Aber es gibt mehr. Die Veränderung in diese Richtung wurde zwangsläufig durch ein neues Phänomen
vorbereitet – die Entwicklung und neue Struktur der wissenschaftlichen Organisation der Menschheit.
Darum geht es im folgenden.
Nach dem glänzenden Erfolg, den die beschreibende Naturwissenschaft dem 18. und 19. Jahrhundert gebracht hatte, und nachdem in den gleichen Jahrhunderten präzise wissenschaftliche Methoden in den Bereich der Geisteswissenschaften eingezogen waren, nahm der Stellenwert, den das wissenschaftliche Weltbild im laufenden Wissensstand einnahm, mit fortschreitender Forschung immer weiter ab. Tatsächlich beschäftigte sich eine immer weiter abnehmende Zahl von Forschern mit dem Bild des Kosmos. Ein immer größerer Teil der beharrlichen Arbeit der Menschheit verlor seine Beziehung zu dem wissenschaftlich erzeugten Bild des Universums.

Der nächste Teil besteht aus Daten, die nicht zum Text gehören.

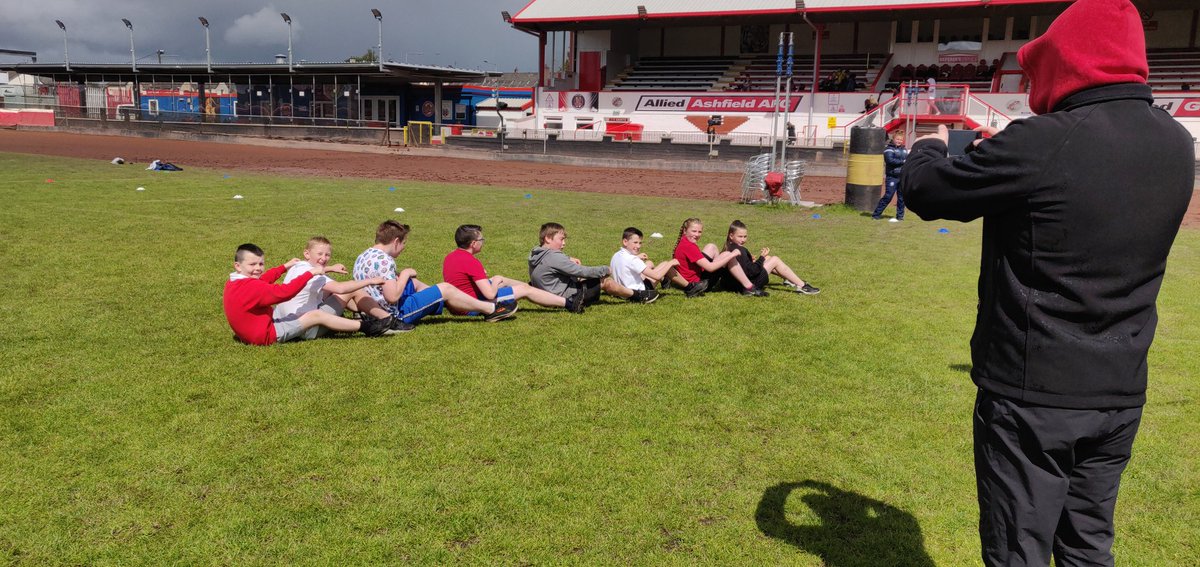 SpringburnSOR's tweet image. Thanks to all the coaching staff, sports leader, teachers and pupils for making today's primary rugby event a success! @SpringburnHWB @IstokTotic @activeschoolsJB @SpringburnPE @CashBackScot @BalornockPS @Elmvaleprimary @MiltonbankP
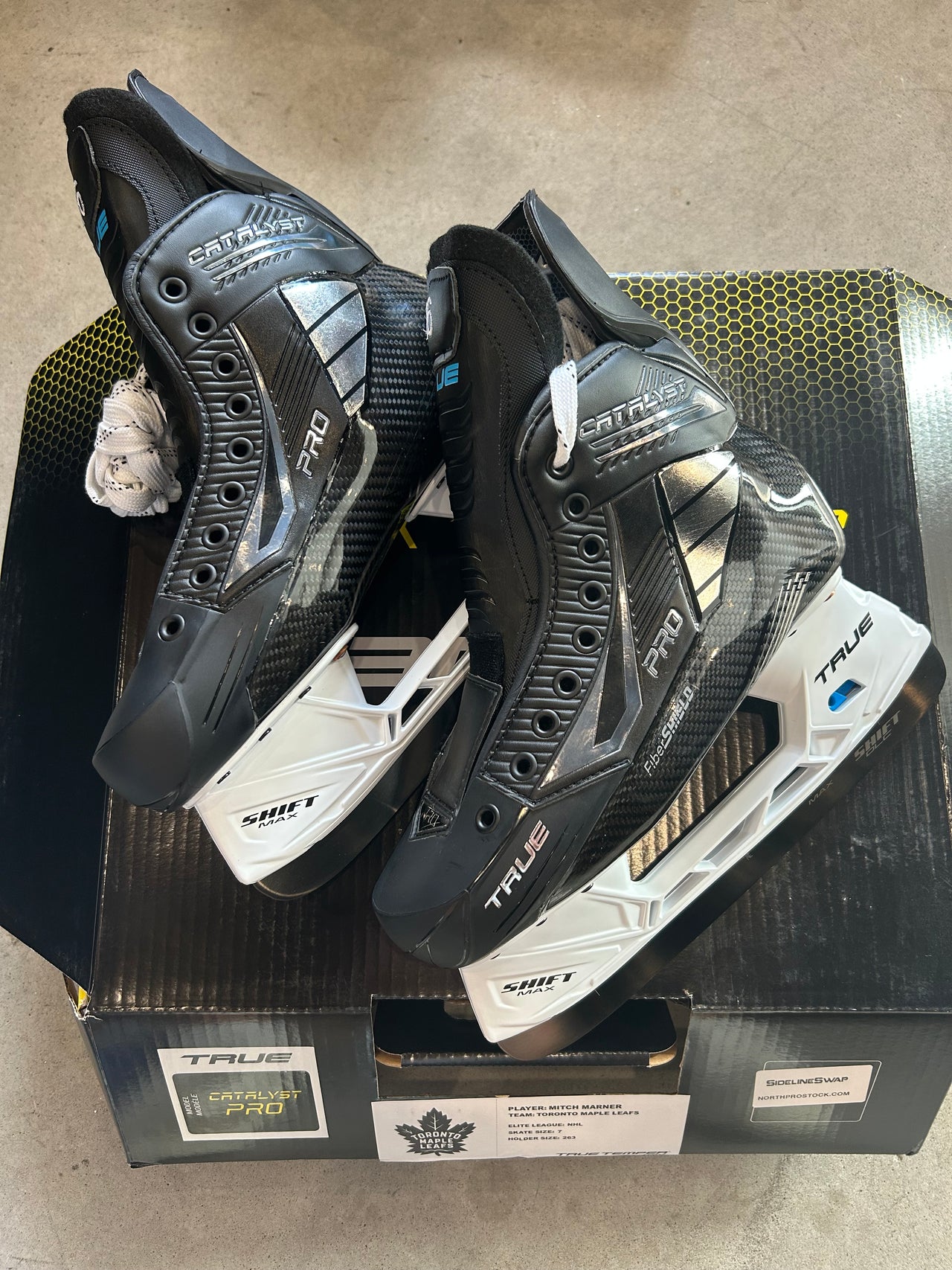 True Catalyst Pro Skate Size 7 New Regular Width Mitch Marner Pro Stock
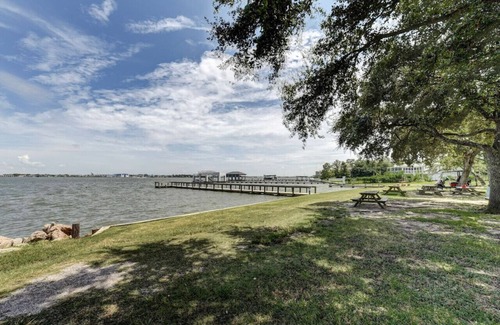 Clear Lake Shores House | New House with Water View
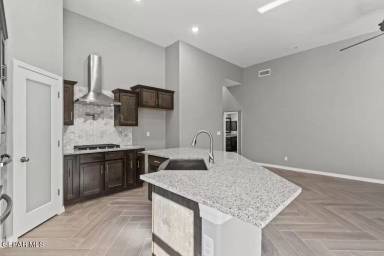 Main picture of 908 Keenland Ave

Das Gesicht der Wissenschaft hat sich in den zweieinhalb Jahrhunderten, die Newtons Principia philosophiae naturalis folgten, grundlegend gewandelt; ganz neue Wissenschaften entstanden, die es zuvor nicht gegeben hatte, und die allermeisten dieser neuen Wissenschaften standen mit der Untersuchung des Lebens und insbesondere des Menschen in Verbindung.
Es läßt sich nicht bezweifeln, daß mehr als 9 von 10 Wissenschaftlern in Bereichen arbeiten, die keine Verbindung mit dem Bild des Kosmos haben, welches fälschlich als Ergebnis der gesamten wissenschaftlichen Arbeit betrachtet wird.
Sie haben keinerlei Interesse an diesem Bild und begegnen ihm auch bei ihrer gesamten wissenschaftlichen Tätigkeit nicht. Veränderungen in diesem Bild tauchen in ihrem Wissensbereich nicht auf. Sie übergehen es völlig.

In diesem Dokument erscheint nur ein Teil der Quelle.